An iterative BFS version uses a queue.

from collections import deque

def invert_tree_iterative(root):
    if not root:
        return None
    queue = deque([root])
    while queue:
        node = queue.popleft()
        node.left, node.right = node.right, node.left
        if node.left:
            queue.append(node.left)
        if node.right:
            queue.append(node.right)
    return root

Both visit every node exactly once.

Walk Through an Example

Use the four-node tree:

    1
   / \
  2   3
 /
4

Call invert_tree(1). We recurse on the right child first because of how Python evaluates the right-hand side, then the left.

Actually, both subcalls evaluate before the tuple assignment, so let us trace conceptually instead. We invert the right subtree at node 3: it has no children, so it returns itself. We invert the left subtree at node 2: it recursively inverts its right (None) and its left (node 4), so node 2’s children become left=None, right=node 4. Node 2 returns itself.

Back at node 1, we assign root.left = inverted_right = node 3 and root.right = inverted_left = node 2.

Final tree:

    1
   / \
  3   2
       \
        4

Edge Cases

  • Empty tree: root is None. The base case returns None. Always handle this first.
  • Single node: no children to swap; we return the same node.
  • Skewed tree: a chain only along left or right pointers. Recursion depth equals the number of nodes; large inputs can hit Python’s recursion limit.
  • Duplicate values: the algorithm only swaps pointers and does not compare values, so duplicates are fine.

Complexity Analysis

  • Time: O(n) where n is the number of nodes. Every node is visited and swapped once.
  • Space recursive: O(h) for the call stack, where h is the tree height. Balanced is O(log n); worst case is O(n) for a skewed tree.
  • Space iterative: O(w) where w is the maximum width of the tree. Balanced is O(n / 2) at the deepest level.

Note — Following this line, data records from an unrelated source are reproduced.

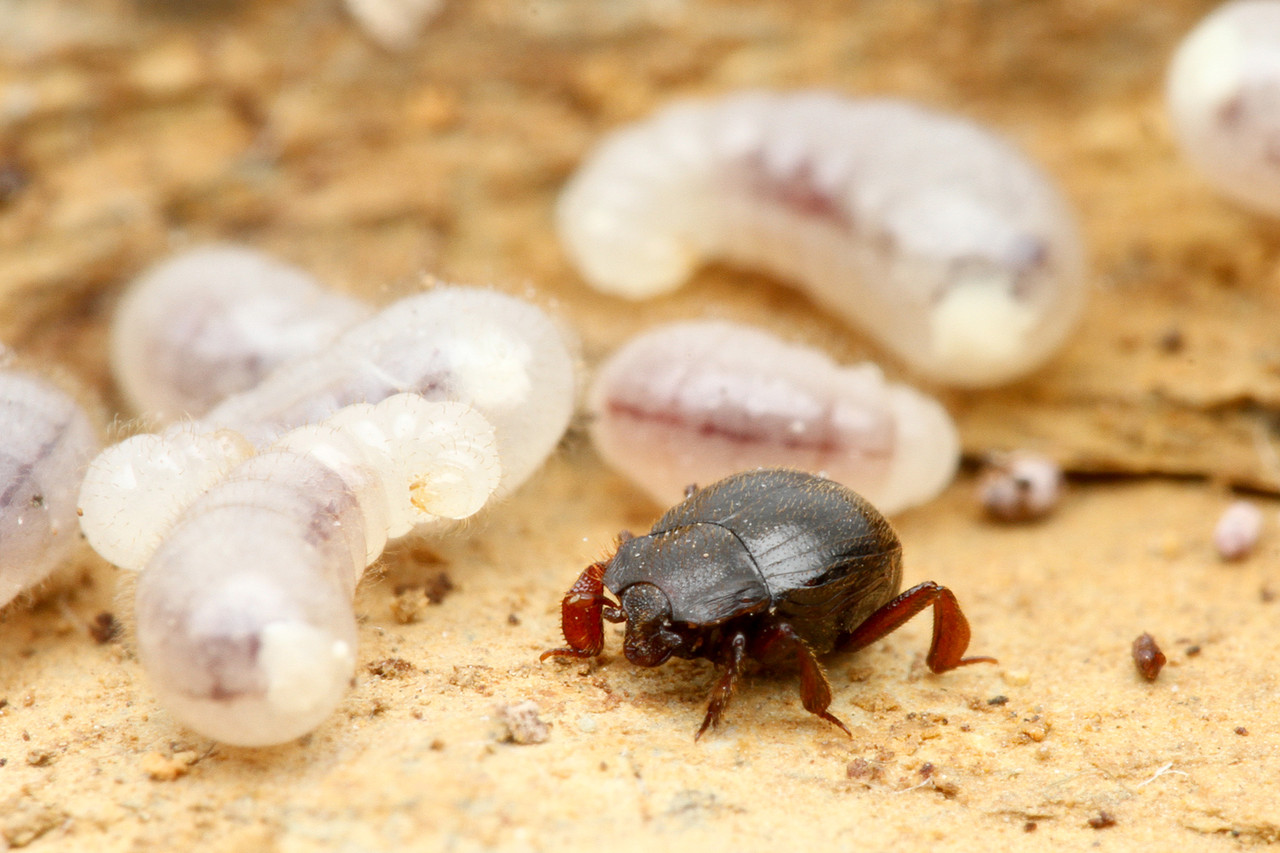 アリの巣で暮らすクロアリヅカエンマムシ ありんこ日記 Antroom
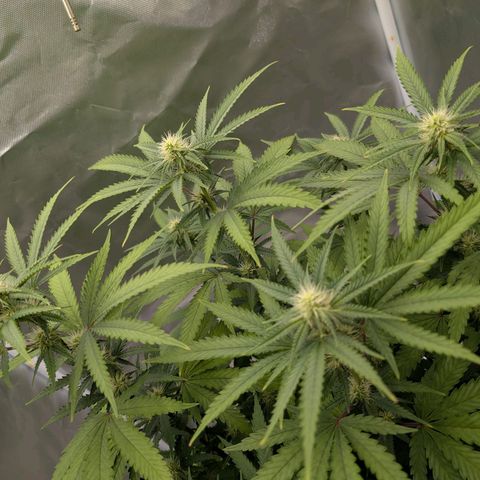 Runtz x Layer Cake growlog timeline photo
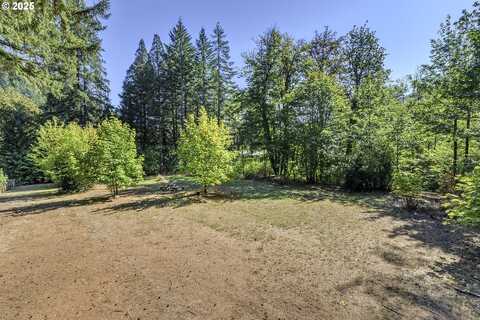 NW Wilson River Hwy, Gales Creek, OR 97117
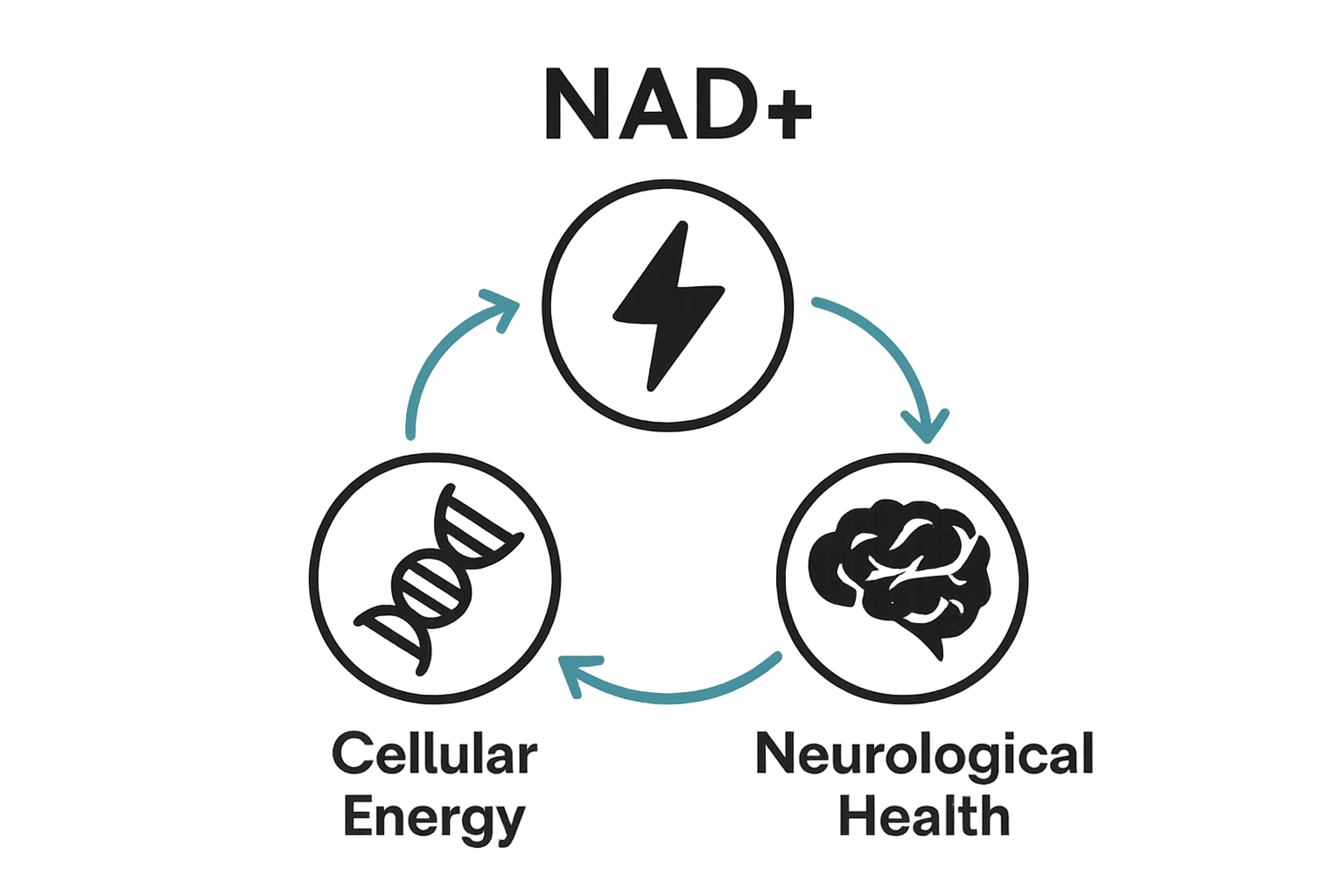 Infographic of NAD plus key benefits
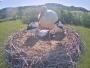 Alfeld - Storks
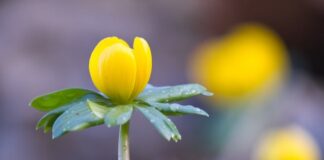 Ile kosztuje zimowanie przyczepy kempingowej?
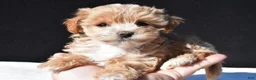 Maltipoo dogs for sale: Cassidy - Ad 1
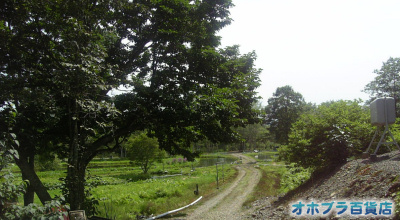 成田養魚場(河東郡士幌町) 成田養魚場(河東郡士幌町)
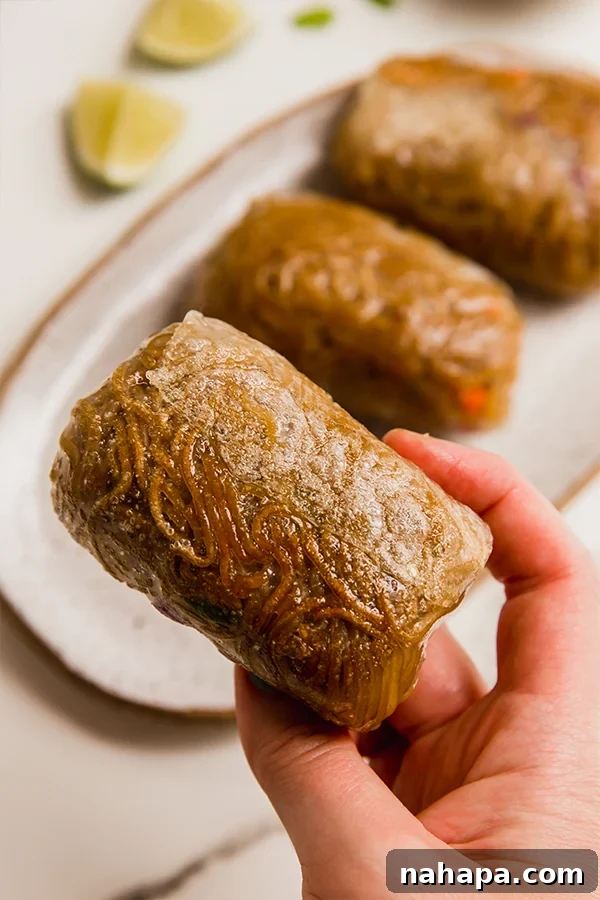 Crispy Ramen Rice Paper Roll
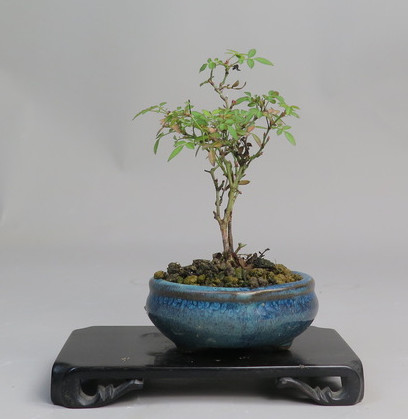 Bonsai de Rosa
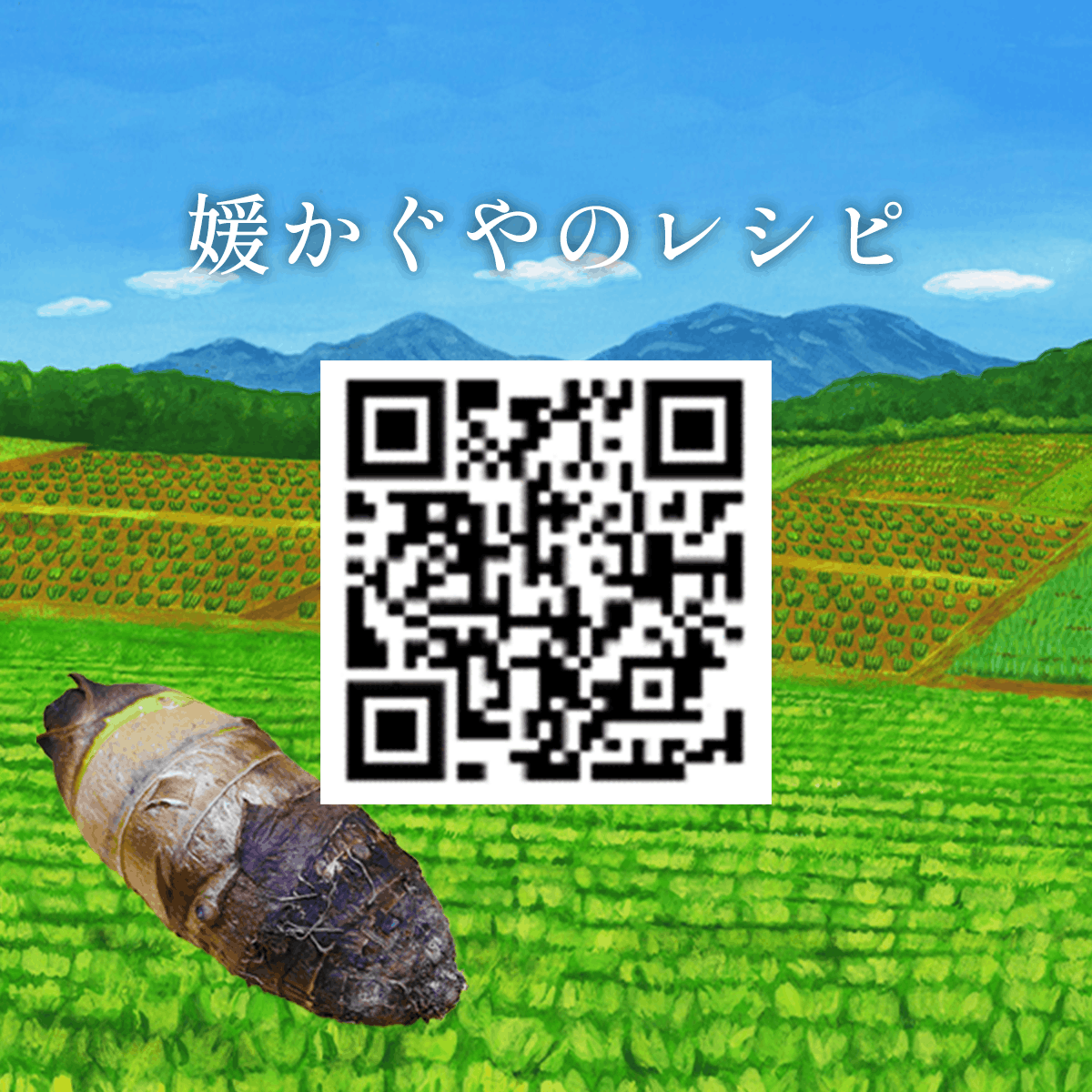 �����Фι��֥���Τ���ɲ������סʵ��ʳ���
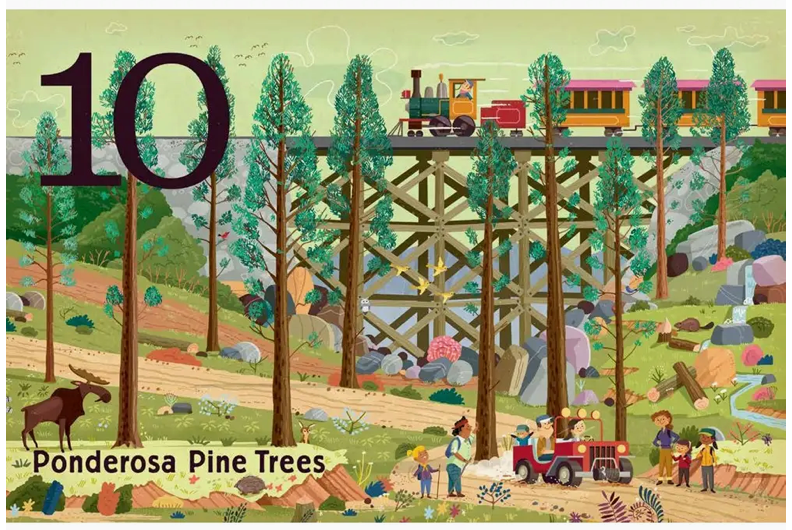 Trees: A Count and Find Primer - Board Book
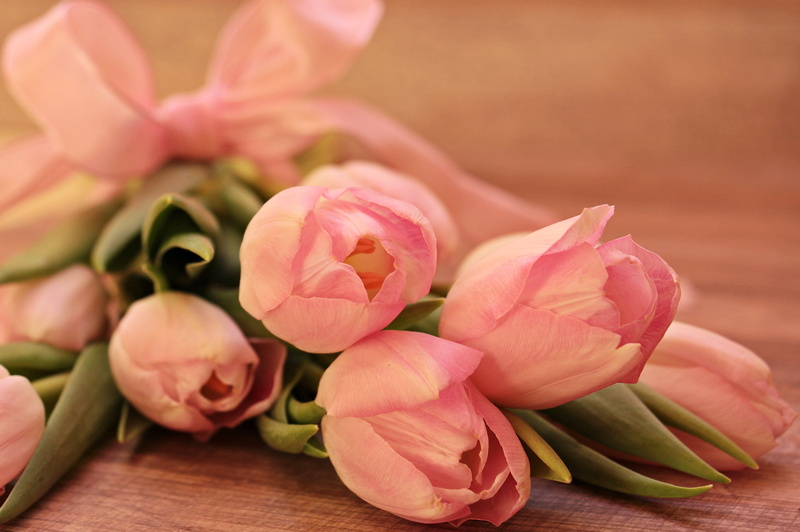 early bloomer, softness, vulnerability, map, tenderness, loop tape, focus on foreground, bunch of flowers, frühlingsanfang, flower head, lying, spring flower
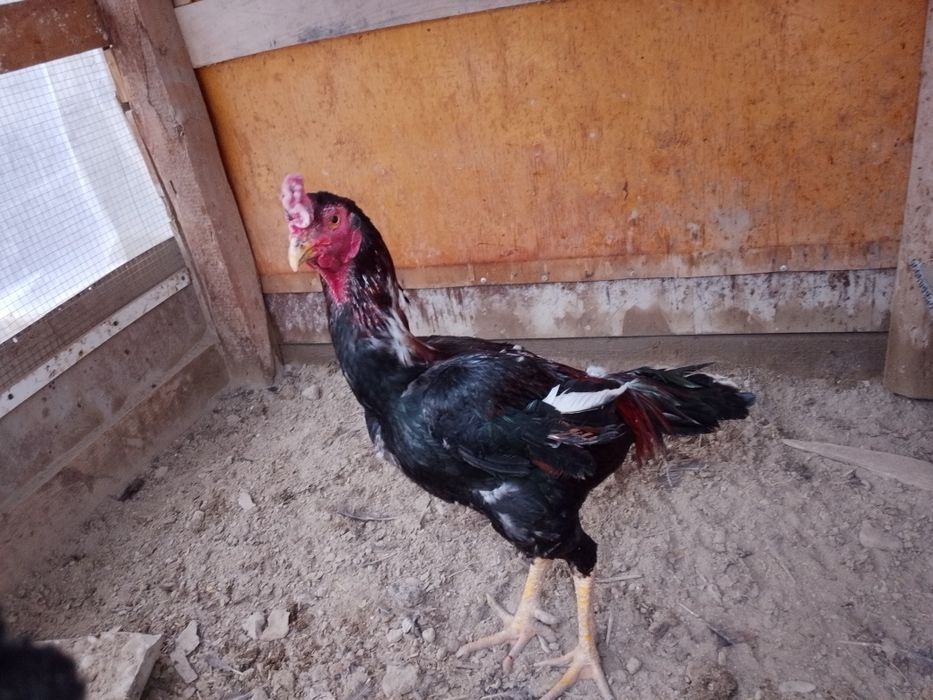 Dakan xõroz urushqoq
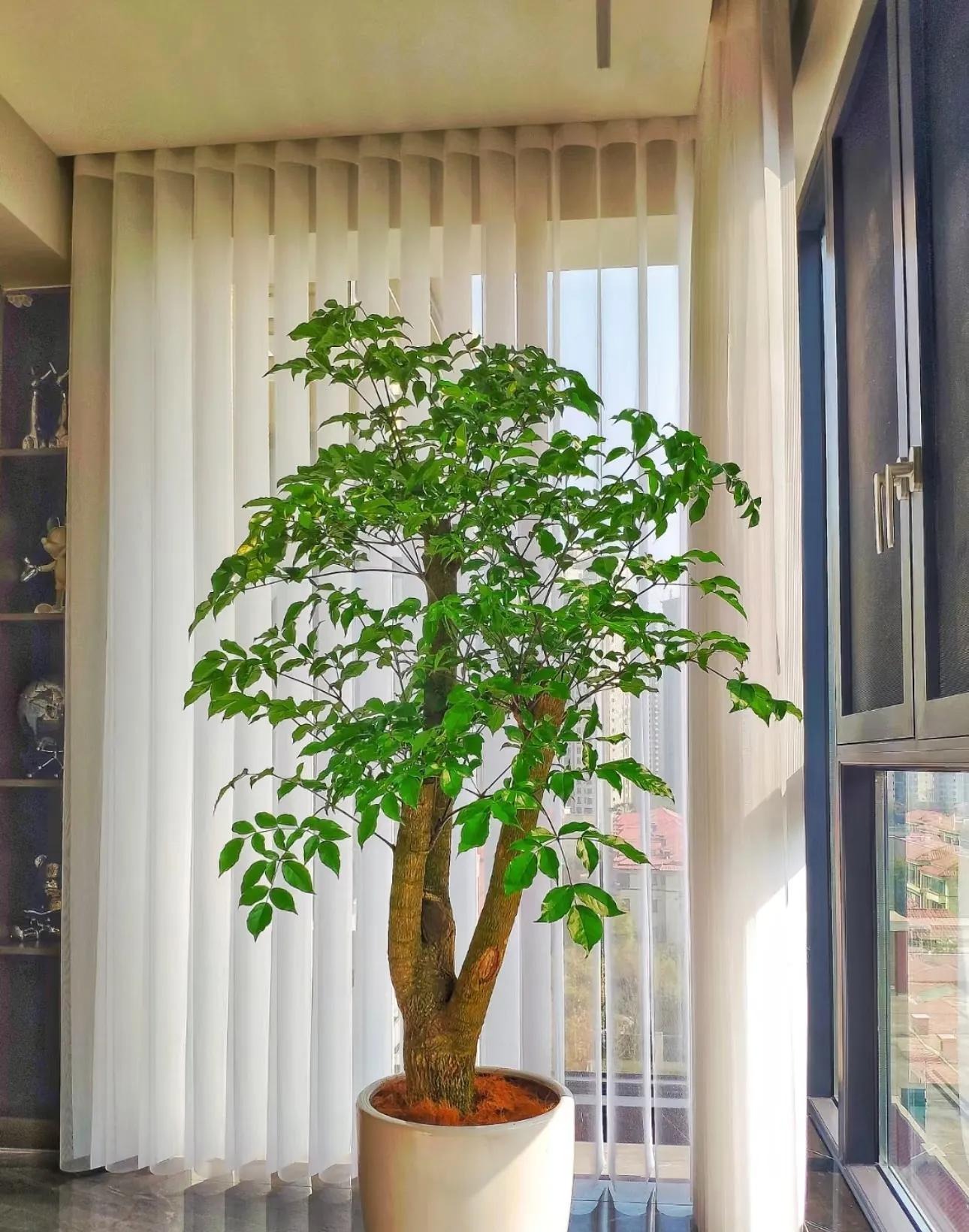 5 loài cây 5 loài cây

How to Explain It in an Interview

State the recursive definition first: the inverted form of a tree rooted at node X is a tree with the same value at the root, the inverted right subtree on the left, and the inverted left subtree on the right. That sentence alone is the entire algorithm.

Then articulate the base case: an empty subtree is its own inverse. With those two pieces, the recursive code writes itself.

If asked about iteration, mention BFS with a queue (or DFS with a stack); the only difference is the traversal order, and the swap happens when each node is popped. Either works because the swap is local to each node.

Finally, address the trivia: the question is famous, but interviewers care more about the explanation than the four lines. They want to hear you describe the invariant and handle edge cases without prompting.

  • LeetCode 100 Same Tree, another fundamental recursive tree problem.
  • LeetCode 101 Symmetric Tree, which is essentially “is this tree its own inversion”.
  • LeetCode 104 Maximum Depth of Binary Tree for more DFS practice.
  • LeetCode 617 Merge Two Binary Trees for combined recursive transformation.

Wrap up

Invert Binary Tree is a great gateway to recursive thinking. The trick is to define the operation in terms of itself and trust the recursion. Once you are comfortable, move on to Symmetric Tree, which uses two pointers that recurse in mirror, and revisit Binary Trees Traversals to solidify DFS versus BFS choices.